The /approve command handles both exec and plugin approvals with bounded fallback: when an exec approval id is not found, OpenClaw retries the same id through plugin approvals. Plugin approval forwarding can be configured independently via approvals.plugin in config.
If custom approval plumbing needs to detect that same bounded fallback case,
prefer isApprovalNotFoundError from openclaw/plugin-sdk/error-runtime
instead of matching approval-expiry strings manually.

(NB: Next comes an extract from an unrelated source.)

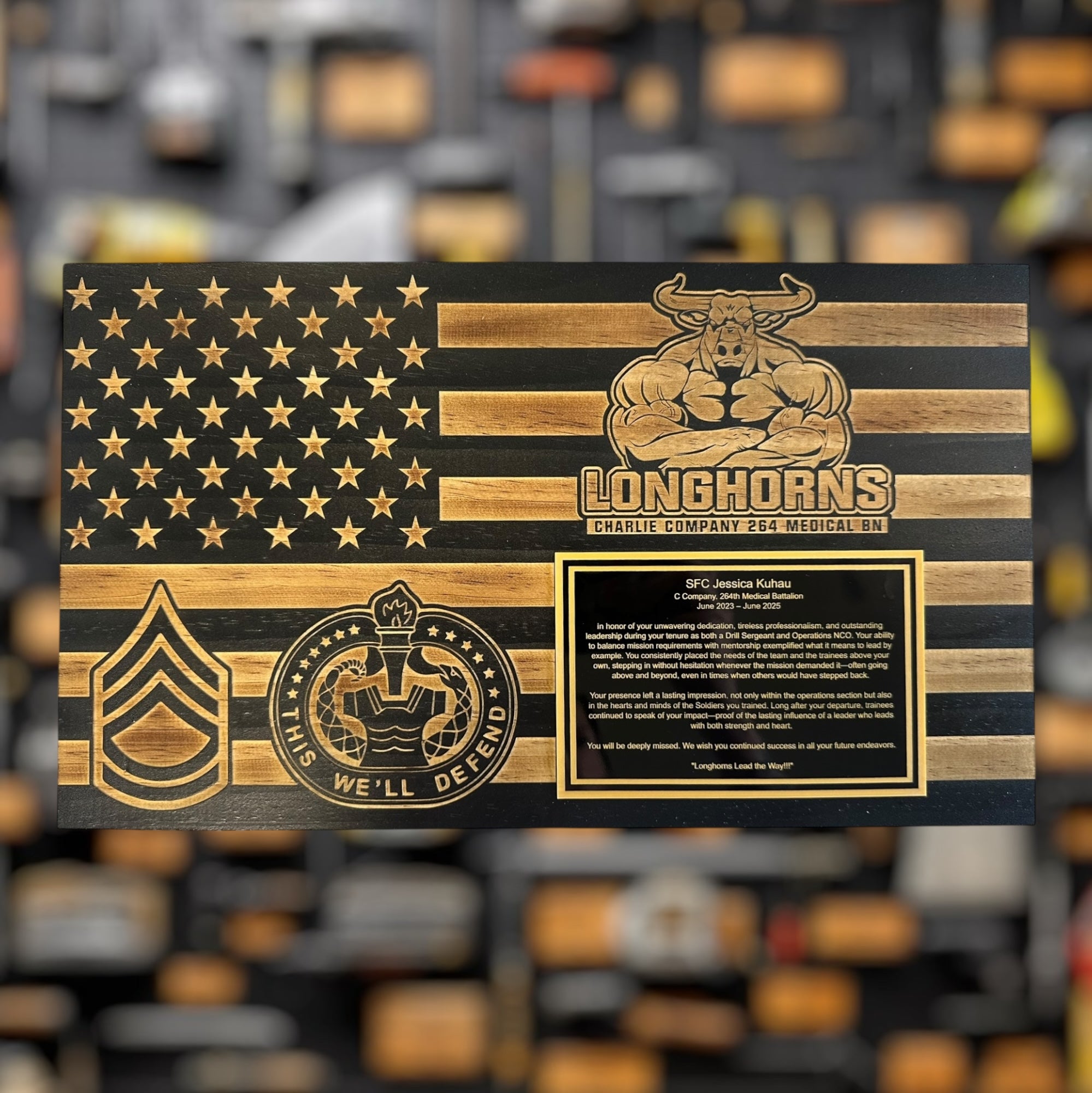 Wooden plaque military gift with American flag design and 'Longhorns' branding on a blurred background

See Plugin hooks for examples and the hook reference.
Registering agent tools
Tools are typed functions the LLM can call. They can be required (always available) or optional (user opt-in):
register(api) {
// Required tool - always available
api.registerTool({
name: "my_tool",
description: "Do a thing",
parameters: Type.Object({ input: Type.String() }),
async execute(_id, params) {
return { content: [{ type: "text", text: params.input }] };
},
});
// Optional tool - user must add to allowlist
api.registerTool(
{
name: "workflow_tool",
description: "Run a workflow",
parameters: Type.Object({ pipeline: Type.String() }),
async execute(_id, params) {
return { content: [{ type: "text", text: params.pipeline }] };
},
},
{ optional: true },
);
}
Every tool registered with api.registerTool(...) must also be declared in the
plugin manifest:
{
"contracts": {
"tools": ["my_tool", "workflow_tool"]
},
"toolMetadata": {
"workflow_tool": {
"optional": true
}
}
}
OpenClaw captures and caches the validated descriptor from the registered tool,
so plugins do not duplicate description or schema data in the manifest. The
manifest contract only declares ownership and discovery; execution still calls
the live registered tool implementation.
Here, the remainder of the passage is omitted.